Decisão: CONFIRMADA A DECISÃO.
Área Temática: DIR CIV - DIR CONTRAT.
DIR PROC CIV - RECURSOS.
Legislação Nacional: CPC67 ART690 ART470 N2 ART30 N1.
RAU90 ART56 N2 ART55 N1 ART63 N2 ART64.
CCIV66 ART562 ART564 ART565 ART661 N2 ART483.
Jurisprudência Nacional: AC RP DE 1990/07/05 IN CJ T4 ANOXV PAG201.
AC RP DE 1970/03/18 IN JR ANO16 PAG330.
AC RE DE 1975/07/02 IN BMJ N250 PAG221.
AC RL DE 1976/07/30 IN CJ T3 ANOI PAG796.
Sumário: I - Não se verifica a deserção do próprio recurso se nas alegações que apresentar o recorrente se limitar expressamente a responder antecipadamente quanto à matéria do recurso interposto também pela contra-parte; em tal caso, o recurso é improcedente e não padece de deserção.
II - A possibilidade de cumulação do pedido de indemnização com o de despejo pressupõe a compatibilidade entre as respectivas causas de pedir e que o dano em causa resulte da violação da relação locatícia.
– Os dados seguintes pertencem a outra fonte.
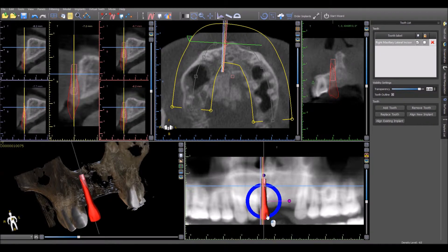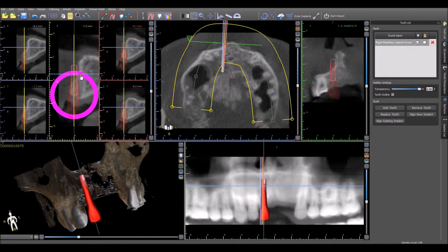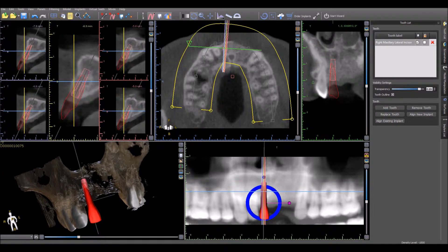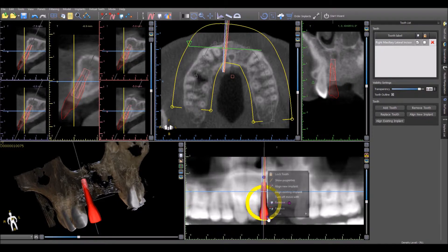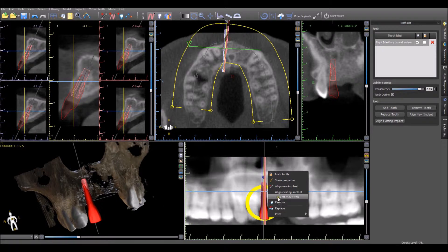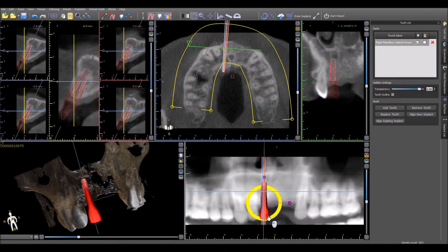The virtual tooth can be manipulated to the correct location in any of the views. To disconnect the implant from the virtual tooth to allow each one to be moved separately, simply right click on the virtual tooth and select Turn Off Move With. This will turn off the Move With functionality and each element can now be moved independently.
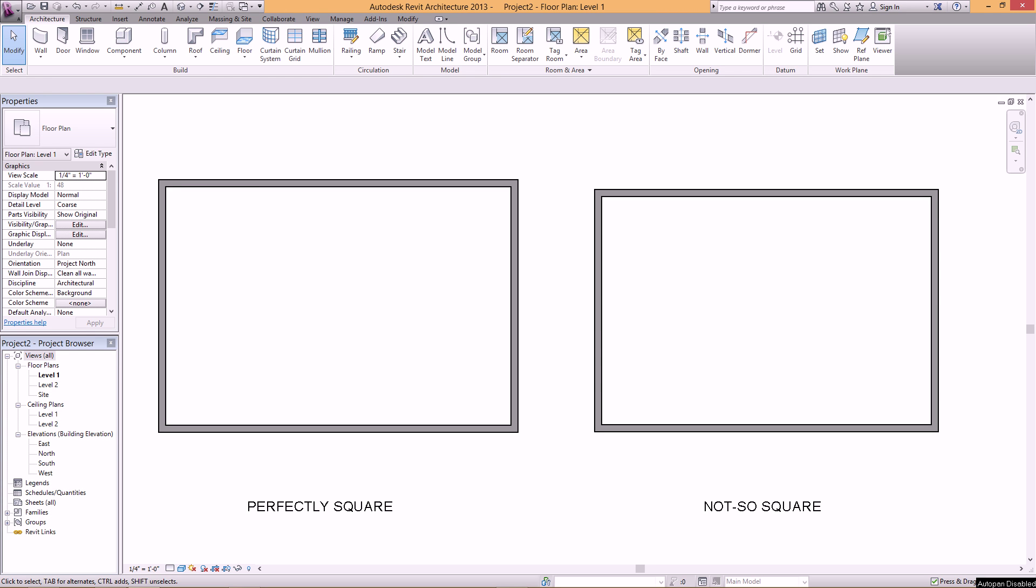Hey guys, welcome to another BIMEveryDay tutorial. Today I just want to talk about when you're placing a door, sometimes the temporary dimensions don't show up.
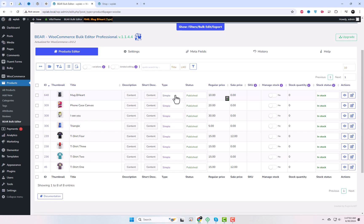Let's experiment with some edits and observe how these changes take effect, without needing to press any update button.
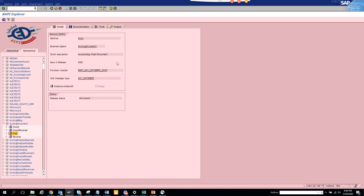And here another very important thing you can see from here is whether there is an ALE message type or the IDOC stuff is already built. So these are very useful.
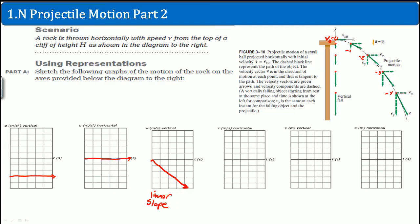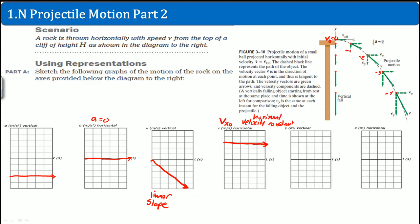What about the horizontal velocity? Since the horizontal acceleration is zero, the horizontal velocity is constant — it stays at that positive initial value v_x0 the entire time. If there is no horizontal acceleration, nothing is there to change the horizontal velocity.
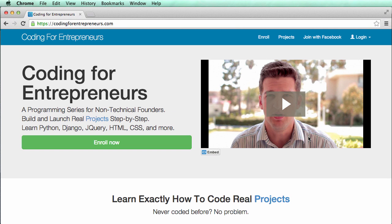Thanks so much — this is the welcome to Launching with Code. If you have any questions, let me know; I try to respond to as many as possible. My name is Justin Mitchell — thank you so much for listening, and we'll see you in the next one when we actually get started.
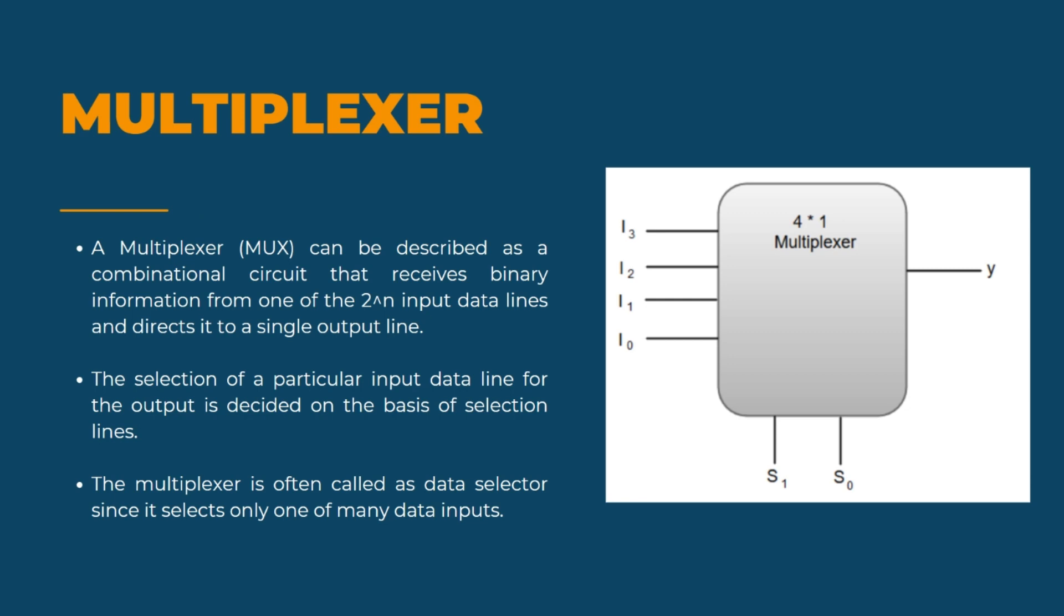As we all know that ALU stands for Arithmetic and Logical Unit and is a part of a CPU that carries out arithmetic and logical operations on the operands in computer instruction walls. The arithmetic operation means simply subtraction, addition, multiplication and division. And same goes with the logical operations which is simply comparison of values.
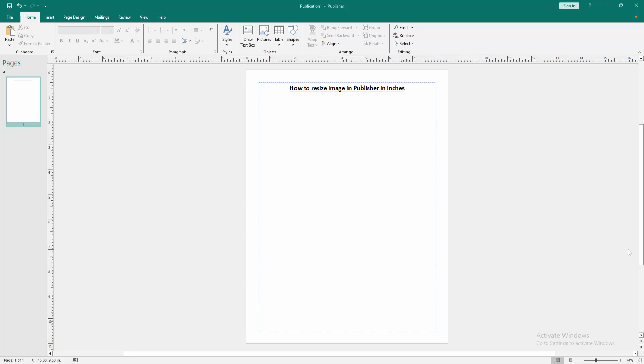Assalamualaikum, hello friends, how are you? Welcome back to another video. In this video I am going to show you how to resize an image in Publisher in inches. Let's get started.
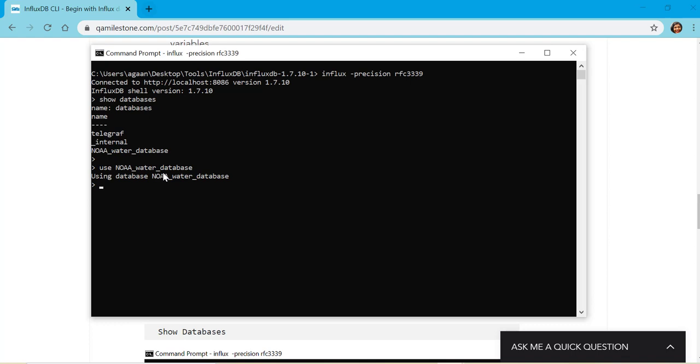Here we are connected to this database and we can perform queries which are similar to SQL queries and are called InfluxQL, Influx Query Language. The next thing is to see what are the measurements. We give the command show measurements.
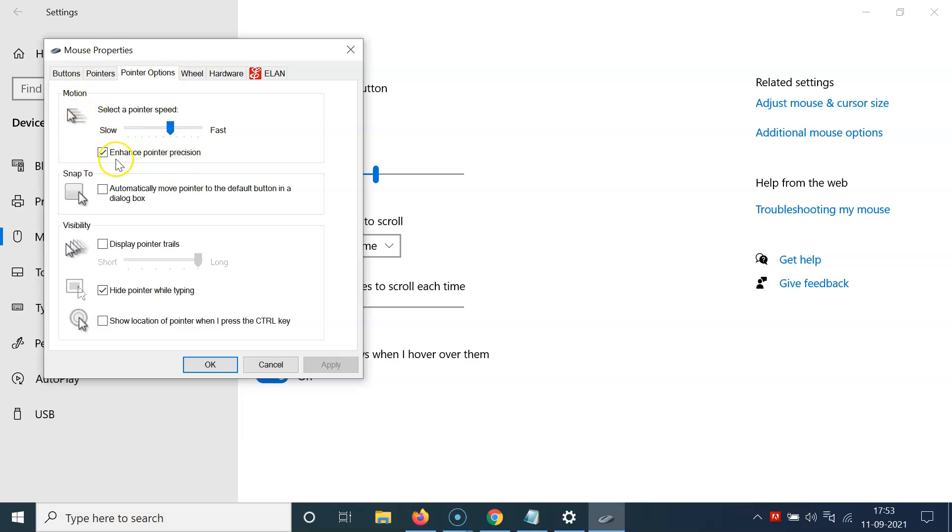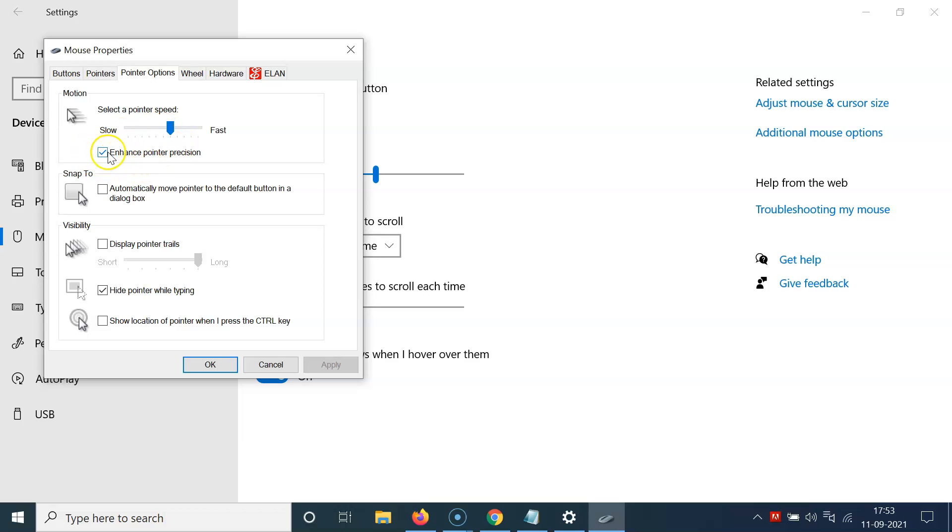And you can see here we have enhance pointer precision. So currently it's enabled. You can see the box is checked. So in order to disable this, you have to uncheck this box beside enhance pointer precision. So just click on this box. Let me click on this. You can see it's now unchecked.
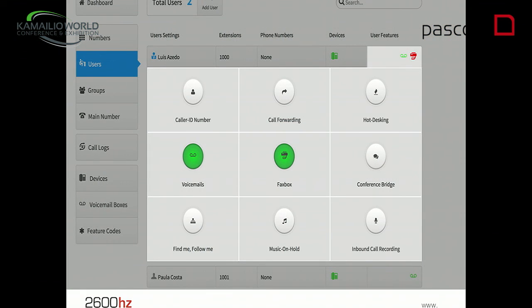This is just for fun — some of our UI. We have a user, then we click on the user and see the features enabled for each user. When the call comes in for that user, we already know which features are available. For instance, he can have his own personal fax box, or voicemail, or a personal conference bridge, and so on. We can add many more features and keep adding them to the system.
III - A sentença que declara resolvido o contrato de arrendamento para habitação por falta de residência permanente do locatário no local arrendado é constitutiva, opera para o futuro, pelo que o arrendamento subsiste até ao seu trânsito; daí que o locatário não possa ser responsabilizado por, desde a falta de tal residência ou a proposição da correspectiva acção até àquele trânsito, não ter feito a entrega do local ao senhorio e ter privado este do maior rendimento ou utilidade que o locado lhe proporcionaria.
IV - Não tem o senhorio, na situação vasada no número antecedente deste sumário, o direito em ordem à condenação do locatário pelos danos que lhe venha a causar se não fizer a entrega do local arrendado a partir do trânsito em julgado da sentença que declare resolvido o contrato, visto que só pode haver indemnização por danos pelo menos já causados, como resulta do disposto nos artigos 661 n.2, 565 e 564 ns.1 e 2 do Código Civil, sendo certo que, em tal caso, o dano não resulta da violação da relação locatícia já extinta mas da violação do direito de propriedade ou da posse.